Bay Scallop Chowder
From Recipes
| Summary | |
|---|---|
| Prep time | 20 min |
| Cook time | 45 min |
| Source | Byerly's |
| Yield / serves | 12 cups |
| Rating | (unrated) |
Ingredients
- 1 (1/2 pound) package bacon, diced
- 2 cloves garlic, minced
- 1 cup sliced onions
- 1 green bell pepper, cut into thin slices (1 cup)

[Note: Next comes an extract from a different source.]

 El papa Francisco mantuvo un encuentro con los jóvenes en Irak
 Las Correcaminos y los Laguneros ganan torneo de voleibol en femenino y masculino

- 1 cup thinly sliced carrots
- 2 tablespoons snipped parsley
- 1 (28 ounce) can tomatoes, undrained, chopped
- 1 (8 ounce) bottle clam juice
- 2 medium potatoes, peeled and diced (about 2 cups)
- 1/2 teaspoon salt
- 1 tablespoon ketchup
- 1 teaspoon dried thyme, crumbled
- 1 teaspoon dried basil, crumbled
- 2 (10 1/2 ounce) cans chicken broth
- 1 pound bay scallops, rinsed and drained
Preparation
In large kettle or Dutch oven, fry bacon until crisp. Remove bacon; set aside. Discard all but 2 tablespoons drippings. Stir in garlic, onion, green pepper, carrots and parsley; cook over low heat about 10 minutes, stirring occasionally. Add reserved bacon and remaining ingredients except scallops. Bring to a boil; reduce heat and simmer, covered, 30 minutes. Stir in scallops; cook until scallops are opaque (2-3 minutes). Serve immediately.